Not at a Battlestar Galactica junkie? Apparently the “frakk” “fuck” switcharoo is a thing over there, but we’re not sure that’s part of its common rhetoric down here, in the real world.
Anywho, the e-mail from Hearst’s Stamford Advocate executive producer Brett Mickelson, released by user Kim Feil, reads:
“Sadly, many of our users attempt to exploit a perfectly legitimate word as a replacement for it’s more vulgar cousin. As a result we have been forced to block its usage.”
Hearst’s decision to censor comments caused outrage from anti-fracking activists for justifiable reasons. Fracking is a term generally used to describe the extremely controversial natural gas drilling process, which most recently resurfaced in the news thanks to Governor Cuomos administrative decision to revisit its regulatory proceedings.
In a statement to Jim Romenesko, prolific anti-fracking activist Sharon Wilson expressed her outrage regarding the issue:
“Fracking is a real word. It is used by real — often angry — people to describe impacts to their vital natural resources, health and long-term well-being. …Banning all comments using the word fracking effectively prevents a large segment of the populace from exercising their First Amendment right.”
While Wilson’s argument stands on strong moral grounds, as a private company Hearst has no legal obligation to their users, allowing them to do whatever the frack they want.
Wilson recently released a new e-mail she received at 11:27 am from Mickelson following her initial inquiry. It read:
“It was a technical issue tied to anti-profanity screening. It has been fixed to allow the word “fracking” to appear in our comments section.

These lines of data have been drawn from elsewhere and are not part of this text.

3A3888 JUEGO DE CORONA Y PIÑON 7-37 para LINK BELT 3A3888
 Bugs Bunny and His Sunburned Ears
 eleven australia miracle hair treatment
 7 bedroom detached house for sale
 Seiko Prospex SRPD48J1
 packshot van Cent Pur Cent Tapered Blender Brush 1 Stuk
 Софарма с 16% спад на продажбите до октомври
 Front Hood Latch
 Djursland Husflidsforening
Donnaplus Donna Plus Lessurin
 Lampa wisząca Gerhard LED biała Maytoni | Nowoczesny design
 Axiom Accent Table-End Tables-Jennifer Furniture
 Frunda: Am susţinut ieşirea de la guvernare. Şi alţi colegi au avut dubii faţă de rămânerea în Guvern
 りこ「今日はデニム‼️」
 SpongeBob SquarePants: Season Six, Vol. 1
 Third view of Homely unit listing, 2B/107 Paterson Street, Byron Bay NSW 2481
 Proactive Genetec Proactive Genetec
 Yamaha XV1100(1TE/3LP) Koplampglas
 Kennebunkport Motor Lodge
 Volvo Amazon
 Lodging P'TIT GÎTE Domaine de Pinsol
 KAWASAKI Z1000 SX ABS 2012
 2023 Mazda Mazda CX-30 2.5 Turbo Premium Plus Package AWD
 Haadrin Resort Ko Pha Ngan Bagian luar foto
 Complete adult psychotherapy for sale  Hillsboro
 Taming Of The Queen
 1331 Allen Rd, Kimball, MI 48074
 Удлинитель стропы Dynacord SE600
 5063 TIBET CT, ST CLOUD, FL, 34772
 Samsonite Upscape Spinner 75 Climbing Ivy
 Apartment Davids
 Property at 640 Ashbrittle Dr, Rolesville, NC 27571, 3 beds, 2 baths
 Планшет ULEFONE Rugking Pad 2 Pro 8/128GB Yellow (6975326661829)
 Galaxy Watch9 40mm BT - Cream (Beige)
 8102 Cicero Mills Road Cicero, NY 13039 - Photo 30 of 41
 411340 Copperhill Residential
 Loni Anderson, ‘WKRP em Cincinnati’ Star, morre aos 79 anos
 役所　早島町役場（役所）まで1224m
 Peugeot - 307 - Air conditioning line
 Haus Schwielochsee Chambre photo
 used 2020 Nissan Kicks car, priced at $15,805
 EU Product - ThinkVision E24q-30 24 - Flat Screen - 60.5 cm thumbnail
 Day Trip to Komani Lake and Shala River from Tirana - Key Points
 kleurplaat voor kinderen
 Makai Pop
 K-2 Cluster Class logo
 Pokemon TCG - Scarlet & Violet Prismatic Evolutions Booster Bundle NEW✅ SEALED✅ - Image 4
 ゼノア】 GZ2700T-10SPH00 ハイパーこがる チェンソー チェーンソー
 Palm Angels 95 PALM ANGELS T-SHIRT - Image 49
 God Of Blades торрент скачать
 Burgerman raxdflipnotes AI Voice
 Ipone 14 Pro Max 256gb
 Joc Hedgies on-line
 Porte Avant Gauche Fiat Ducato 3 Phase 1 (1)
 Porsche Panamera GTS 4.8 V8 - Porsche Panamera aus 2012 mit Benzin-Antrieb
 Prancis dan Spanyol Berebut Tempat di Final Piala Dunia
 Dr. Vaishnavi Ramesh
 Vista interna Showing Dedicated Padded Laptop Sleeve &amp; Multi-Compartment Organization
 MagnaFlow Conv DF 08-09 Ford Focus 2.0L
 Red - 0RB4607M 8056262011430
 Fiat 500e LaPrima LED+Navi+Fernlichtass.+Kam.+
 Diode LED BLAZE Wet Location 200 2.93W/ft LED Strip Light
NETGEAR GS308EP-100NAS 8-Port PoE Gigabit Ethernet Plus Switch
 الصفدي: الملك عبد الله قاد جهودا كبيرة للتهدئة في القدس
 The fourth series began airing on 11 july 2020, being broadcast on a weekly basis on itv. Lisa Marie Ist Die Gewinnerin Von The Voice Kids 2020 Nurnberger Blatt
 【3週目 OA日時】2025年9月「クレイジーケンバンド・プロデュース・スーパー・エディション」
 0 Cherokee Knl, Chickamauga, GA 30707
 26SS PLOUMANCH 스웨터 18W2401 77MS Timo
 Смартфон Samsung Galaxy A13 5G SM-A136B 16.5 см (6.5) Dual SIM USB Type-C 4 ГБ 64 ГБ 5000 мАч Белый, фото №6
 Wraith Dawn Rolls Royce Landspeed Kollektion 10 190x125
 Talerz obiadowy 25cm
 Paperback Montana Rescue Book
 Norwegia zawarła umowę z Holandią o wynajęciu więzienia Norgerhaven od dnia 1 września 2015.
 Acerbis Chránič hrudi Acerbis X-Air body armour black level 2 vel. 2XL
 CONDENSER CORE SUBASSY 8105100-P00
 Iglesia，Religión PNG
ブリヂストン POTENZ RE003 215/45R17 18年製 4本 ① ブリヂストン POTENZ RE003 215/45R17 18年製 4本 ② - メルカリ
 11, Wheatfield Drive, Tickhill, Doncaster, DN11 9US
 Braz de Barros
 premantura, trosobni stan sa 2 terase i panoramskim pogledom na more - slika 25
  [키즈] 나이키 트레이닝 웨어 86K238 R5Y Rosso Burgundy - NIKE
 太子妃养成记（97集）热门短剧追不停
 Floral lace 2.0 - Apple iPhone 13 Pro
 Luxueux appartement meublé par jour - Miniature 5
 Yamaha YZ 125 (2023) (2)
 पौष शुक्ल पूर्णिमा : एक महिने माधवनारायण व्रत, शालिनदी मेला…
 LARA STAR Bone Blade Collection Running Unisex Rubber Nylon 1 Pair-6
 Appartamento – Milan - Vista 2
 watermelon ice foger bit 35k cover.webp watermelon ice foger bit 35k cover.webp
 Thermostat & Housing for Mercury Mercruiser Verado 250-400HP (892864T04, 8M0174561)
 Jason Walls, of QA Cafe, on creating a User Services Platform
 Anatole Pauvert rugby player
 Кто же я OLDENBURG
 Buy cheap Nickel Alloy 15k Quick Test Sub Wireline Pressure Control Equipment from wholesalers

It was never a policy here or elsewhere at Hearst.”
This appears as a drastic deviation from a response he sent to Wilson earlier after her first inquiry which read:
“there is nothing unsettling about the word ‘fracking,’ and it is an important issue in current events [but] that doesn’t stop others from using the term inappropriately in an entirely different context.”
All we’ll say is that “We’re fracked!” sounds a hell of a lot like “We’re fucked!”